═════ Data for this exercise
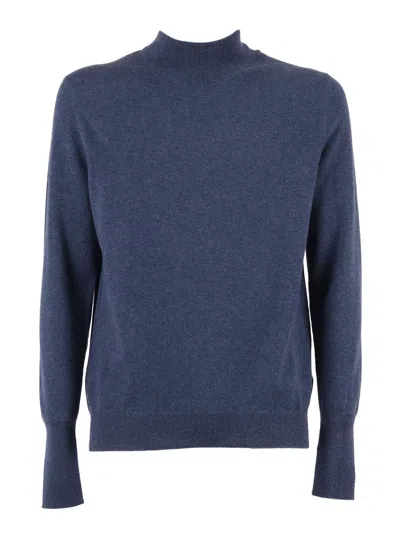 Ballantyne T Neck Pullover In Blue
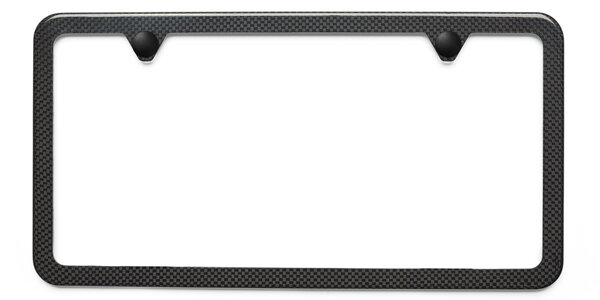 AUTOMUTO License Plate Frame Stainless Steel,Carbon Fiber License Plate Frame,Sleek Car Accessories,2pcs 2 Holes for US Vehicle 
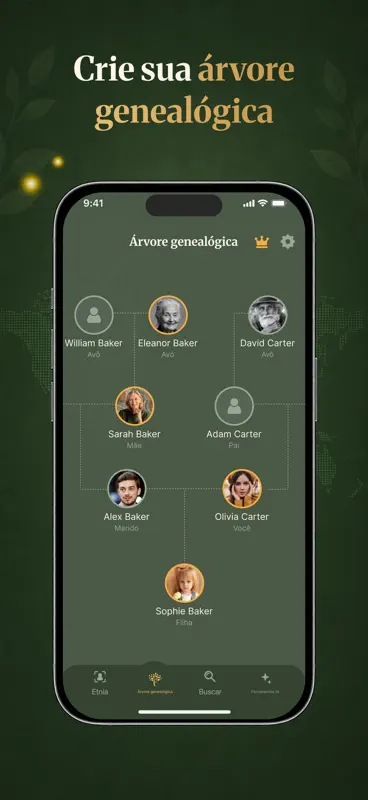 Árvore Genealógica Rápida screenshot 3 of 5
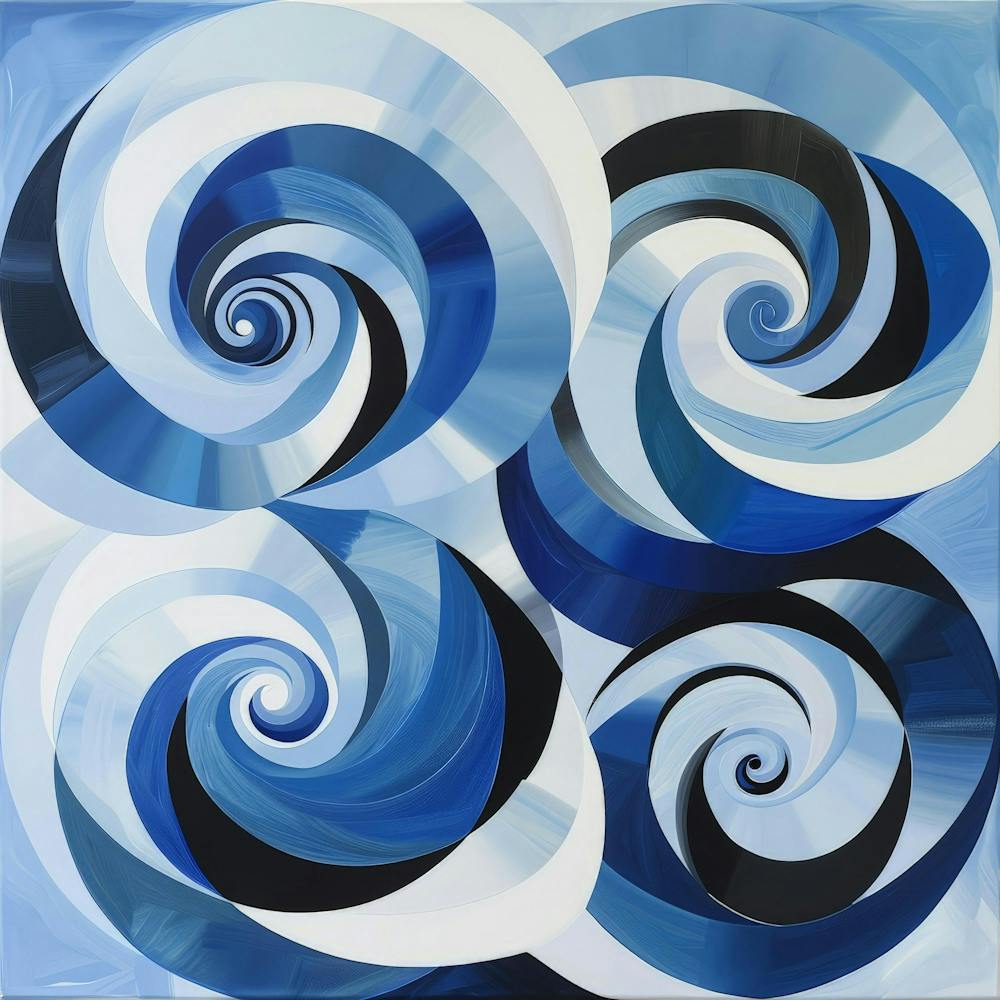 Blue Spirals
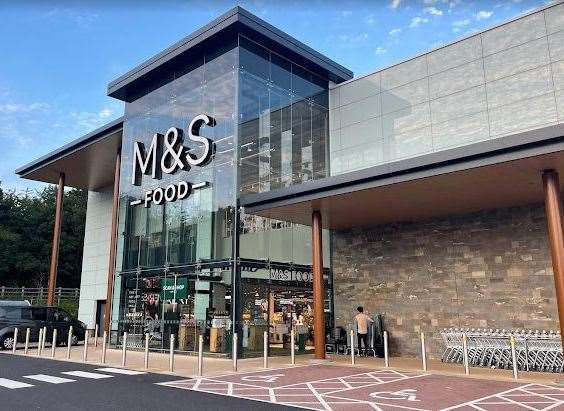 The M&S store at Eclipse Park is partly faced with Kentish ragstone
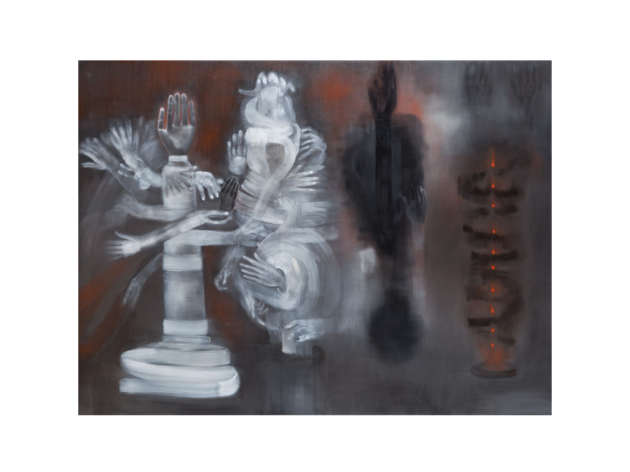 Ross Bleckner, Palms, Handwriting or Faces, 2019 Ross Bleckner, Palms, Handwriting or Faces, 2019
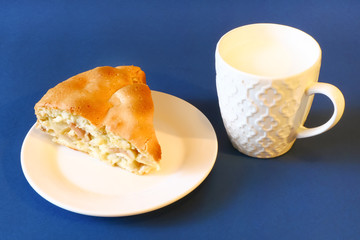 tasty and fresh home charlotte with a cup of milk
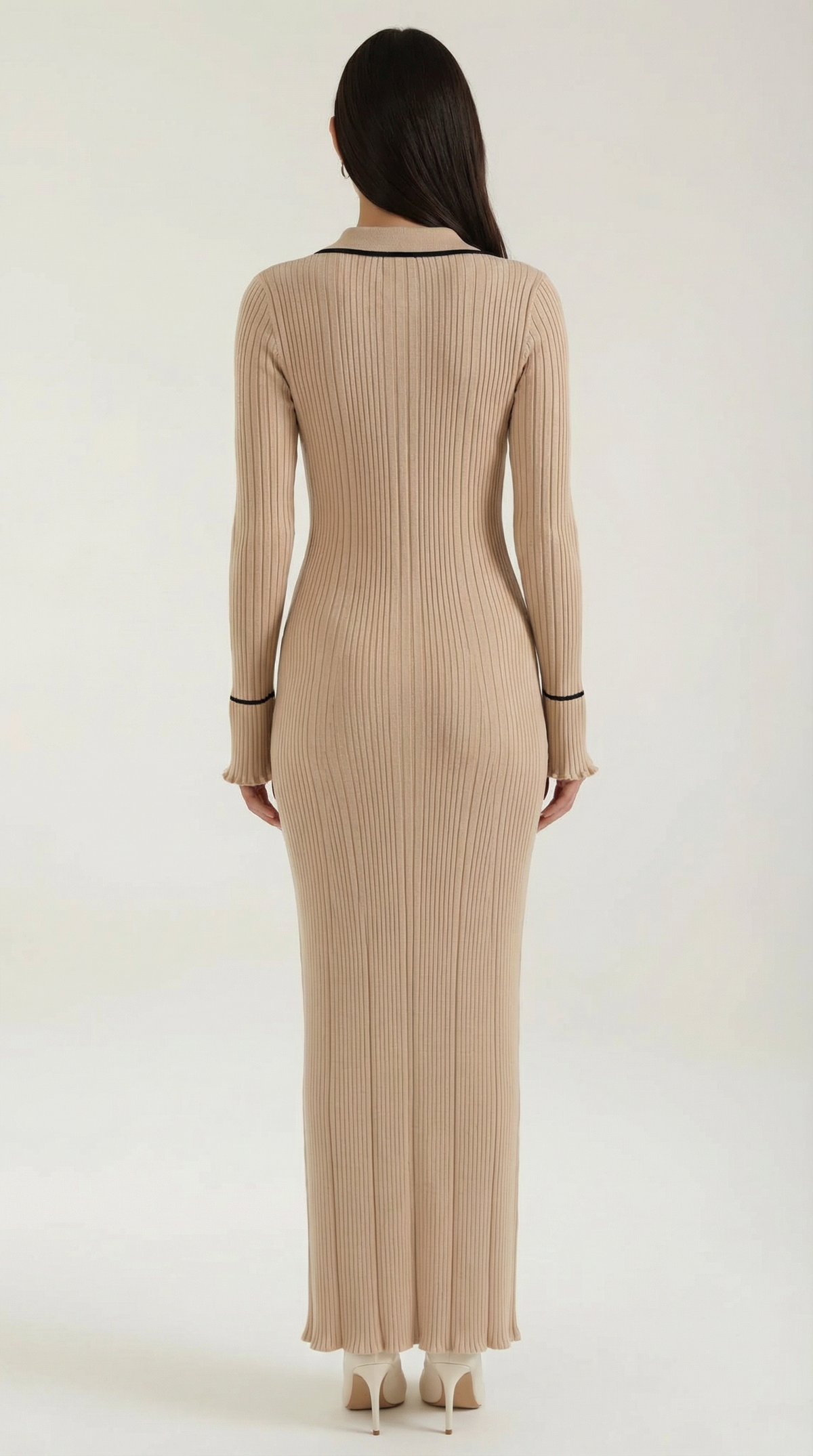 Ana Tulipa™ | Vestido Largo de Punto Josephine
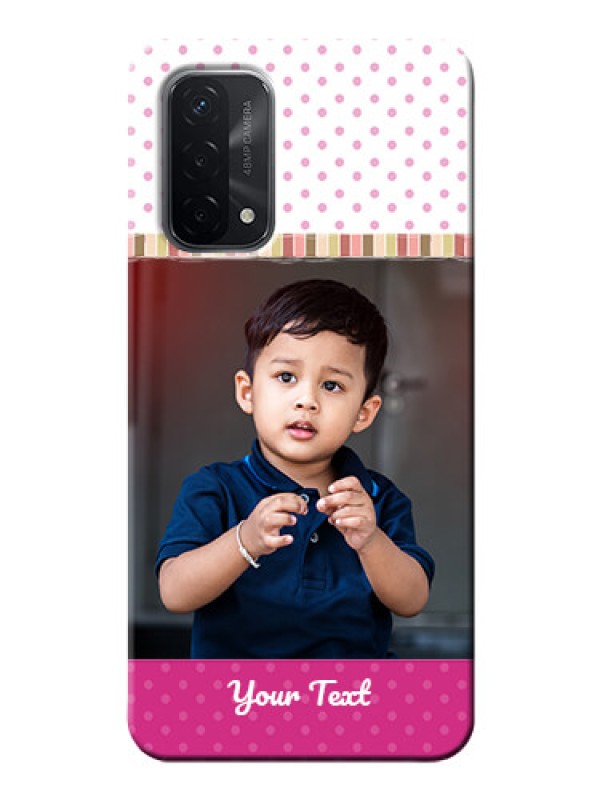 Custom Oppo A74 5G custom mobile cases: Cute Girls Cover Design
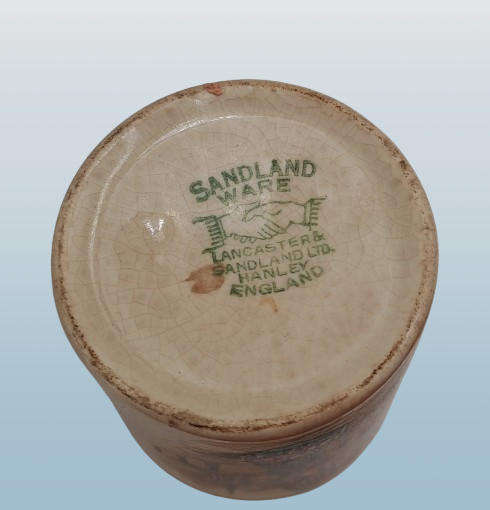 Vintage Porcelain Cup Sandland ware 'Ye Olden Days' Lancaster & Sandland LTD. Hanley England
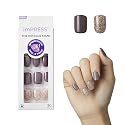KISS imPRESS Press-On Manicure, Nail Kit, PureFit Technology, Short Press-On Nails, Square, 'Flawless', Includes Prep Pad, Mini Nail File, Cuticle Beauty & Personal Care imPRESS
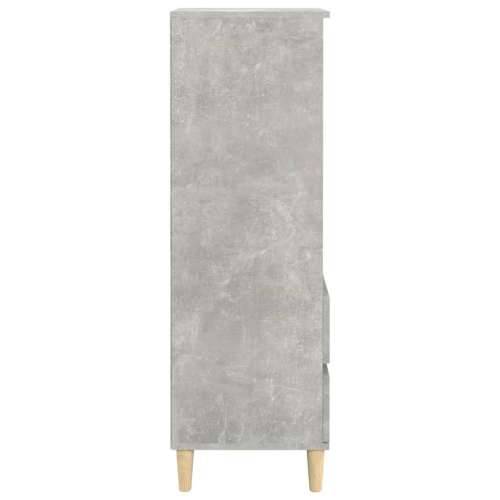 Visoka komoda boja betona 40 x 36 x 110 cm konstruirano drvo - Beton siva 1 Cijena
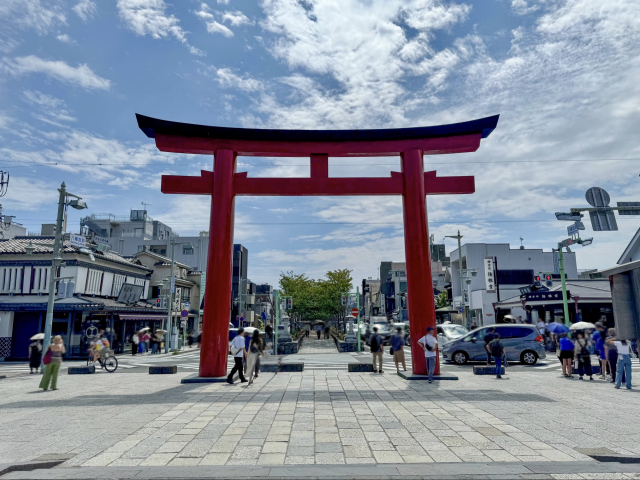 鎌倉の街並み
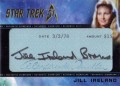 Star Trek The Original Series 50th Anniversary Trading Card Cut Signature Jill Ireland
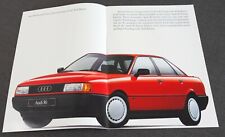 AUDI 80 YOUNG EDITION B3 Sondermodell Youngtimer Prospekt Brochure 1990 53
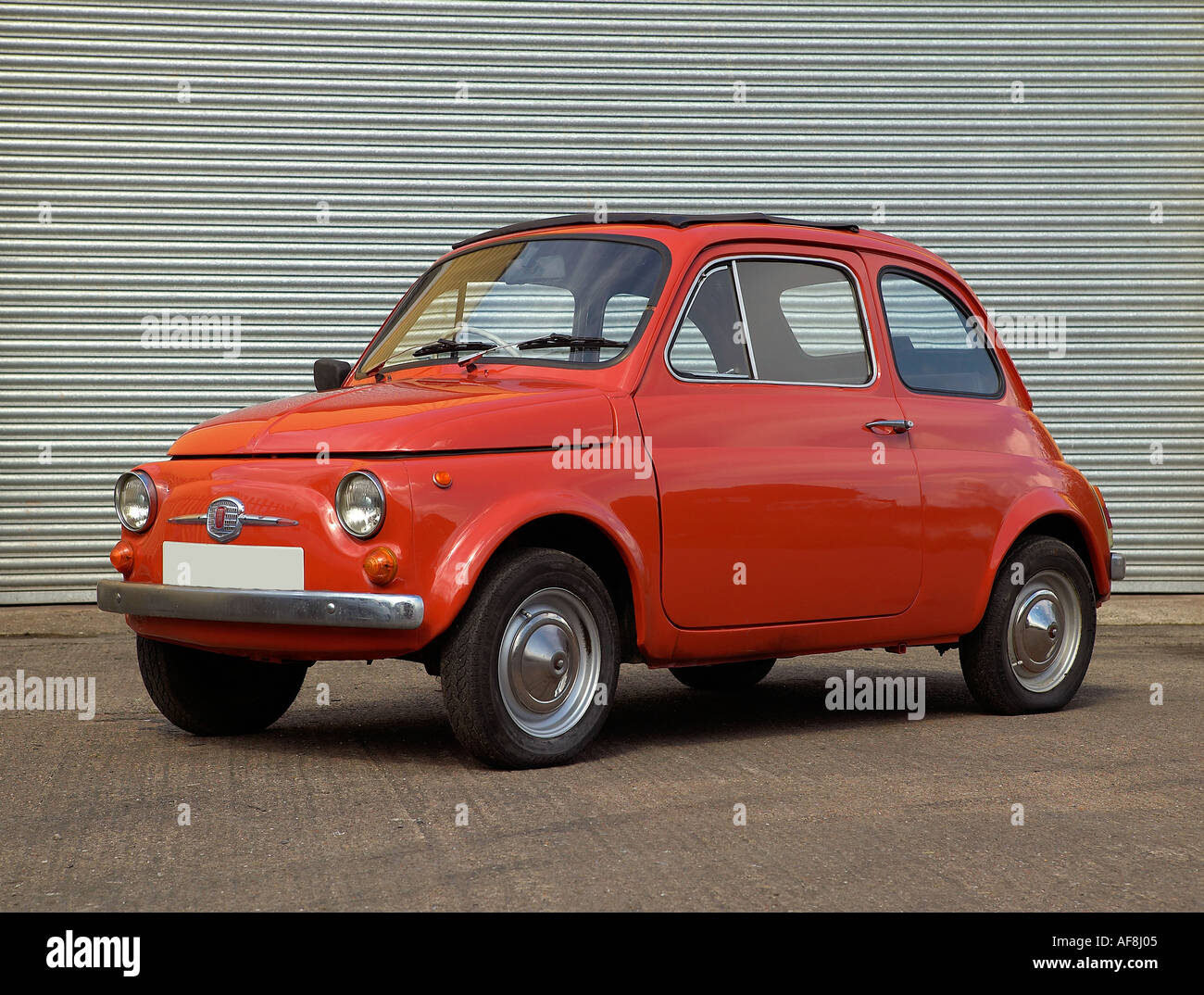 1972 Fiat 500 twin cylinder 499cc 22bhp at 4600rpm Original design by Dante Giacosa Country of origin Italy Stock Photo
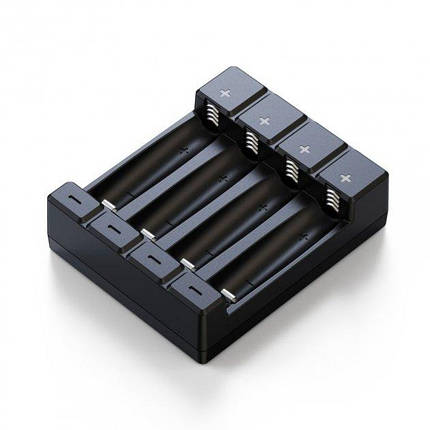 Зарядний пристрій Soshine Chocolate 4 для AA/AAA Ni-MH/Li-Ion/LFP, USB, LED-індикатор, 4ch, фото 1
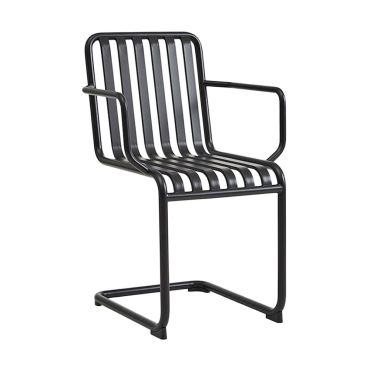 HAY Palissade Cantilever Armchair in Anthracite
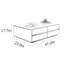 Table basse en cuir de qualité supérieure-106275242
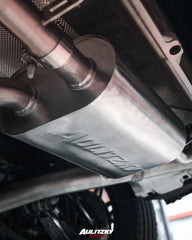 Aulitzky Exhaust | ECE Abgasanlage ab OPF mit Klappensteuerung | passend für BMW X3M/X4M inkl. Competition (F97/F98) S58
══════════
• Required work
Transcribe exactly the span of lines from the line holding "Árvore Genealógica Rápida screenshot 3 of 5" through the last line above, both included. Pictures stay out.

• Answer to the problem
 Árvore Genealógica Rápida screenshot 3 of 5
 Blue Spirals
 The M&S store at Eclipse Park is partly faced with Kentish ragstone
 Ross Bleckner, Palms, Handwriting or Faces, 2019 Ross Bleckner, Palms, Handwriting or Faces, 2019
 tasty and fresh home charlotte with a cup of milk
 Ana Tulipa™ | Vestido Largo de Punto Josephine
 Custom Oppo A74 5G custom mobile cases: Cute Girls Cover Design
 Vintage Porcelain Cup Sandland ware 'Ye Olden Days' Lancaster & Sandland LTD. Hanley England
KISS imPRESS Press-On Manicure, Nail Kit, PureFit Technology, Short Press-On Nails, Square, 'Flawless', Includes Prep Pad, Mini Nail File, Cuticle Beauty & Personal Care imPRESS
 Visoka komoda boja betona 40 x 36 x 110 cm konstruirano drvo - Beton siva 1 Cijena
 鎌倉の街並み
 Star Trek The Original Series 50th Anniversary Trading Card Cut Signature Jill Ireland
 AUDI 80 YOUNG EDITION B3 Sondermodell Youngtimer Prospekt Brochure 1990 53
 1972 Fiat 500 twin cylinder 499cc 22bhp at 4600rpm Original design by Dante Giacosa Country of origin Italy Stock Photo
 Зарядний пристрій Soshine Chocolate 4 для AA/AAA Ni-MH/Li-Ion/LFP, USB, LED-індикатор, 4ch, фото 1
 HAY Palissade Cantilever Armchair in Anthracite
 Table basse en cuir de qualité supérieure-106275242
 Aulitzky Exhaust | ECE Abgasanlage ab OPF mit Klappensteuerung | passend für BMW X3M/X4M inkl. Competition (F97/F98) S58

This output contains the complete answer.